Official Dungeons & Dragons adventure books include a phrase that can strike fear into the hearts of beginner dungeon masters. “Designed for an adventuring party of four to six 1st-level characters” or something similar to that effect.
Getting four to six people to sit around a table (or online) for a few hours a week or month can be challenging. But it’s old fashioned terminology and we believe it should be gotten rid of. For there are ways to play any D&D session, or TTRPG for that matter, without having multiple people.
We here at Tal and Ru Travels started playing our homebrew world of Thread of Souls in 2015. In the beginning, we had three players. Three is a good magic number but I (Scott) the DM wanted more. The group evolved into five and fluctuated from that to six or seven at times.

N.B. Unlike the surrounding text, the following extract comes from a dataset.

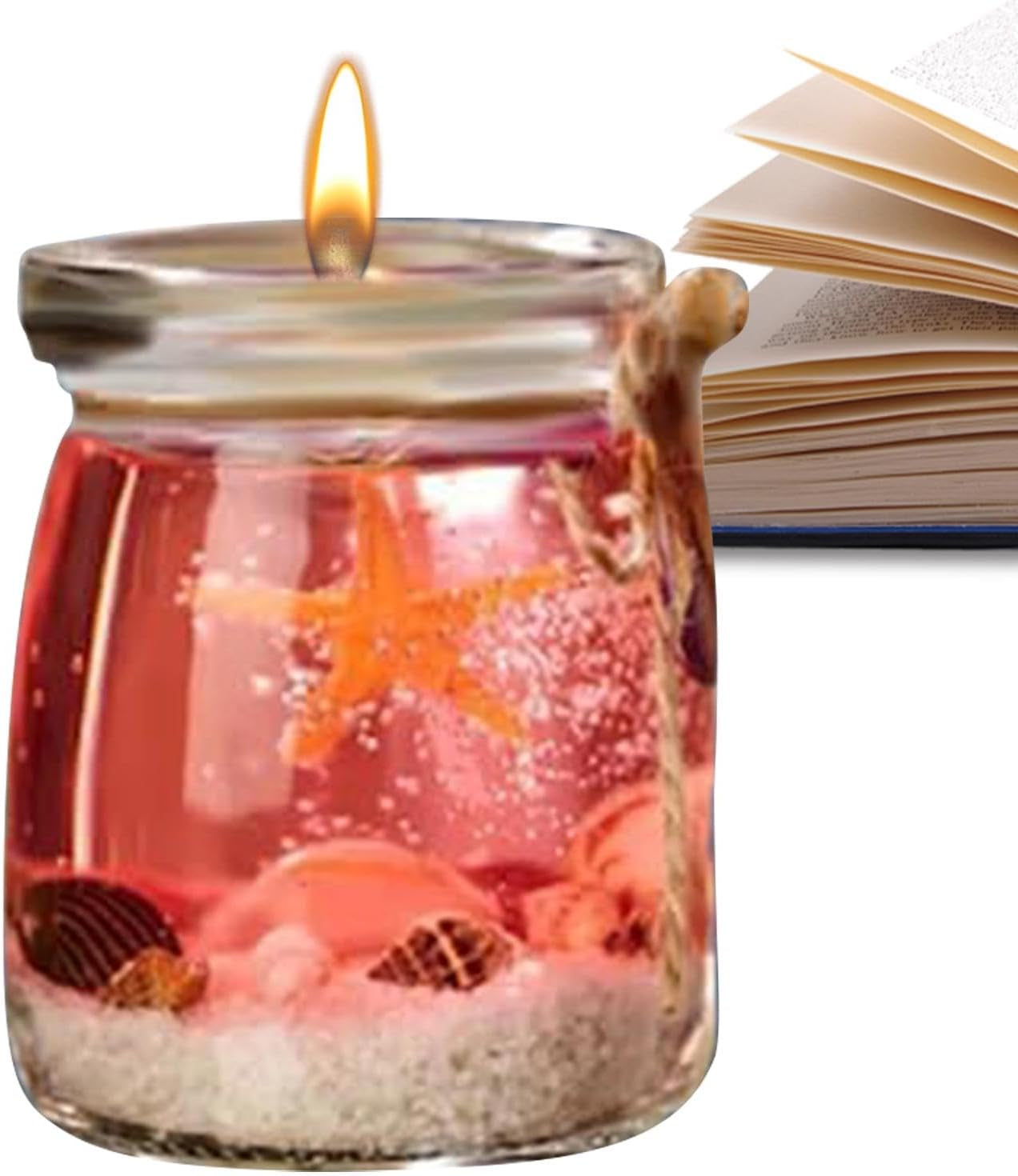 Aromatherapy Candles, Sea Theme Gel Candle, Home Air Freshener, Aromatherapy Jar Candles for Creating Relaxing Ambience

Having more players gives much more fluidity when it comes to leading conversations, character development, and plot. Dungeon masters can focus on individual characters when the time comes but there are times when it can be too much. Combat, for instance, is definitely bogged down with a larger party size. Eventually our group fell apart as they often do and it was left with Ashley ( Tal) and myself. Sometimes all it takes is two.
Just the Two of Us
Since 2018, we’ve been playing weekly two player sessions of Dungeons & Dragons. We play in our home brew world of Thread of Souls so we don’t have to worry about basing encounters off of a specific number of players. Instead we each play multiple characters each with their own unique skills and backstories.
Playing Multiple Player Characters
While the DM will play every NPC the party encounters, they can also play an adventurer that explores with the party. In our case I play two player characters along with my other tasks. Both have a backstory and take turns in conversations and performing skills like investigating.

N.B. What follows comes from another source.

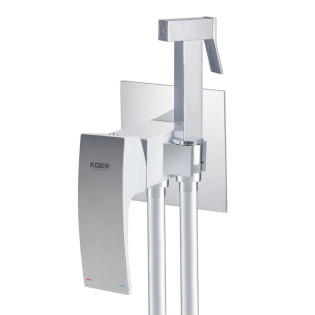 Змішувач для гігієнічного душу KOER KB-23007-01 (Колір хром) (KR3468)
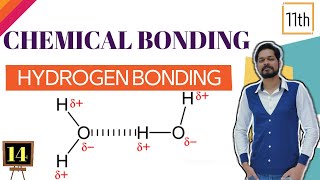 Chemical Bonding । Class 11 L 14 । Hydrogen bonding [upl. by Madonia]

It’s all about knowing what your character would know and acting how they would act. If you’re the DM, just keep in mind that while you may know the story or campaign book, your character is just as oblivious as the other player.
Speaking of the other player. Playing with anyone in a one-on-one setting is a great way to grow and build your relationship. You both get to know the other person through the eyes of multiple characters and personalities by having them control as many player characters as they feel comfortable. It also helps if each one acts, speaks, and behaves differently so the DM can tell the difference more easily.
The more comfortable you are with on another, the more fun and deeper role play can get. And if you’re just starting out in a one-on-one setting and don’t know the other person as well, it’s a great ice breaker and allows you both to build a friendship. Or if you just want to fight and gain loot, that’s perfectly okay too.
As the DM you can also build encounters around the other players characters. Everyone is a part of the story and they all need time to shine. Make sure you take the time to talk with the player to see what they want to get out of the game. Maybe they like exploring and just want to search for treasure. While others are all about that role play and wish to delve deeper into emotions and plot.
Another great way to handle two player games is to have the player control certain aspects of the session. For instance, if it’s alright with the DM, they can take over for NPCs and speak with the game masters characters.
Tabletop games are all about collaboration. It isn’t DM versus players. It’s a shared story where anyone should feel comfortable to speak up and take part in the epic tale.
Playing together is also great for introverts who aren’t comfortable being in large settings around people. As an introvert, I can say being able to just play with someone I know makes me open up more and come out of my shell.
Honestly, you can make just about any game into a two player game. If you have a single player video game you can hand the controller back and forth to complete different quests or control different characters.
D&D and TTRPGs aren’t strictly for groups of players. They are intimate, fun, freeing, and allow for character growth for both the players and their characters. It’s just like writing a book. There is an author and an editor. Imagine both players as the authors and editors of the game, world, and characters.